Graphic design: Anamika Singh

This Fire That Warms You by Tsohil Bhatia
Mentor: Puppies Puppies (Jade Guanaro Kuriki-Olivo)
September 5 – October 19, 2024
Wed–Sat, 12–6 pm

This Fire That Warms You is a solo exhibition by artist Tsohil Bhatia with mentorship from Puppies Puppies (Jade Guanaro Kuriki-Olivo). The exhibition imagines the gallery as a kitchen, activating and recontextualizing its furnishings, ingredients, methods, and labor. Bhatia engages in transmodal ways of making that consider the everyday and the ephemeral. Their ongoing studio and kitchen practices converge, revealing excerpts and observations of their daily life through sculpture and installation-based works.
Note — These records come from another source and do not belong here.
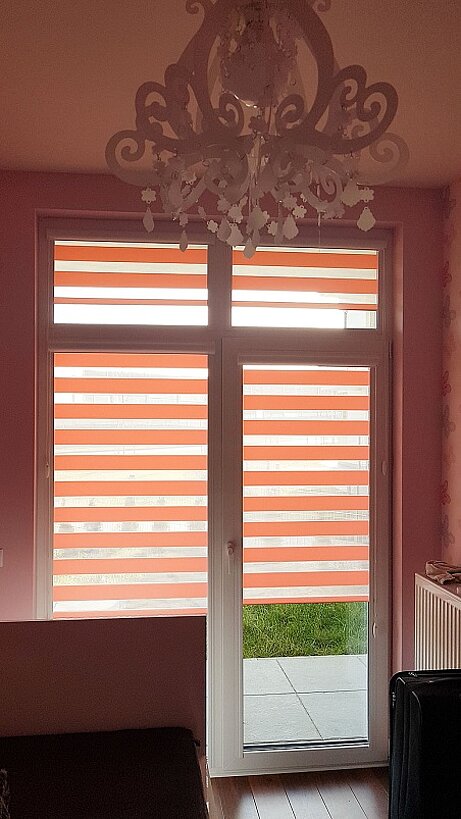 różowe rolety dzień noc do pokoju dziewczyny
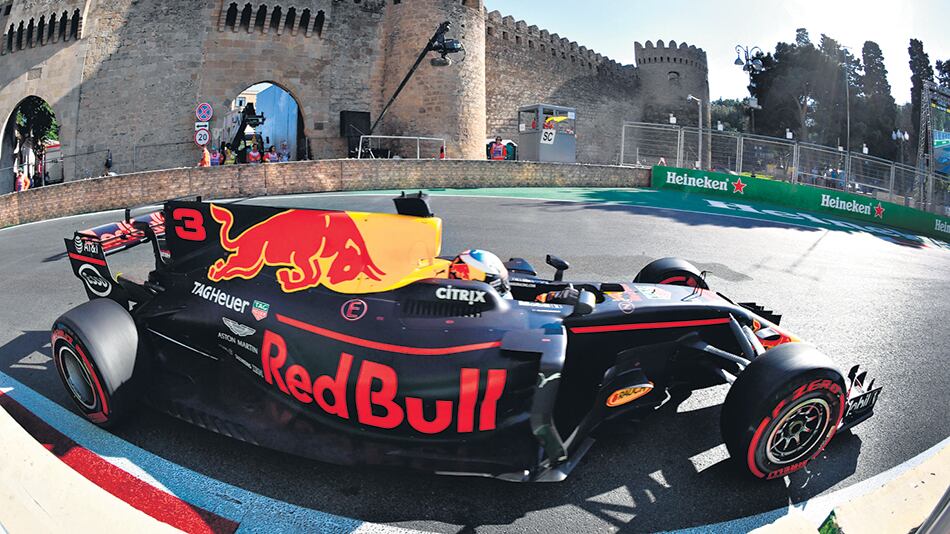 El festejo de Ricciardo en Bakú.
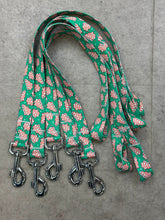 Load image into Gallery viewer, Christmas Tree Cakes Tack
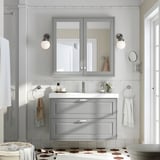 Bany gris modern: tocador TÄNNFORSEN, mirall, tovalloles, lavabo i aixeta. Lleuger, ampli i funcional.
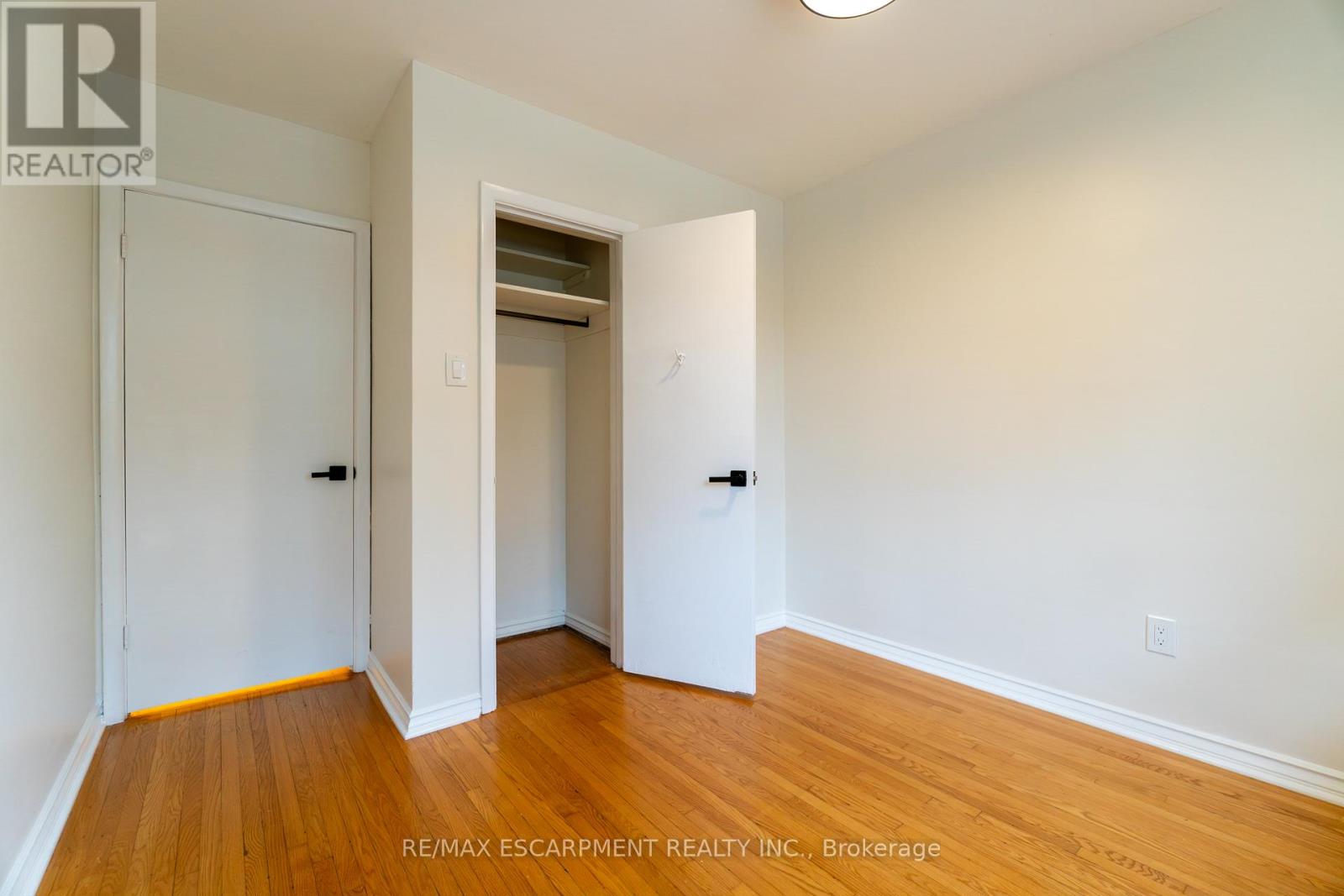 1465 Duncan Road S, Oakville, Ontario  L6J 2R5 - Photo 23 - W12697938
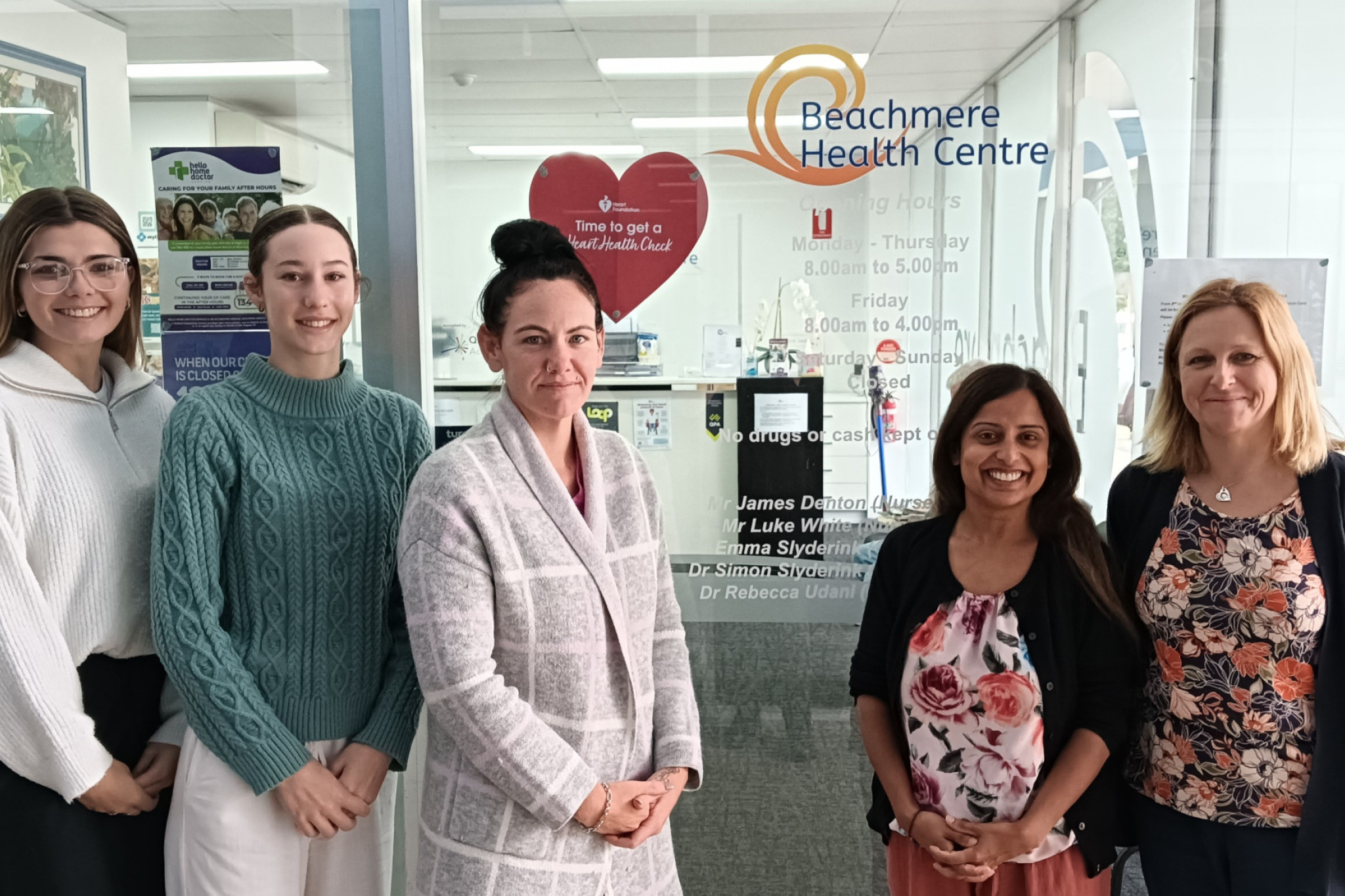 Leah Hollinger, Charlize Frankham, Alicia Hughes, Dr Rebecca Udani & Dr Emma Slyderink.
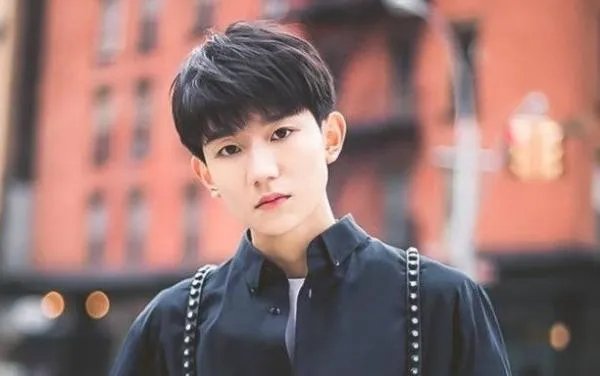 王源和肖战是邻居？两人父亲是同事？这是真的吗？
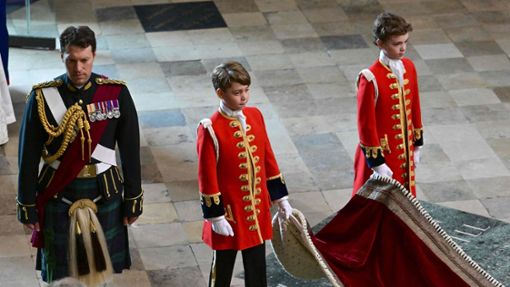 Jonathan Thompson bei der Krönung von Charles III. im Mai – hier steht er beim Einzug neben Prinz George. Foto: AFP/MARK LARGE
This Fire That Warms You sets a stage for something that is yet to happen—or perhaps that has already taken place. Bhatia constructs a scenography that serves as a backdrop to study and reperform domestic and emotional labor. Repurposed kitchenware hangs from the ceiling; dried fruits and vegetables are self-actualized through decay; pressure cookers erupt with sound and steam; surfaces bear evidence of cuts, spills, and burns. Remnants of labor hint at the presence of a body and its ghost. In its absence, however, time becomes a central character—measured in odor, hissing, running water, and discoloration. Abstracted rituals unfold without instruction, enabling a form of mourning that both facilitates memory and anticipates loss.

In the work, fire becomes a metaphor and a vector. Bhatia explores its multiplicities, from anger and rage to passion, desire, comfort, care, danger, violence, and destruction. In the kitchen, fire is disciplined; its functional uses abound. This domestication, however, gives way to moments of unpredictability, to instances in which its latent qualities become visible. Through the work, Bhatia evokes movements and processes that embody the dynamic potential of this fire, calling for an embrace—but also a warning—of the paradoxes it contains.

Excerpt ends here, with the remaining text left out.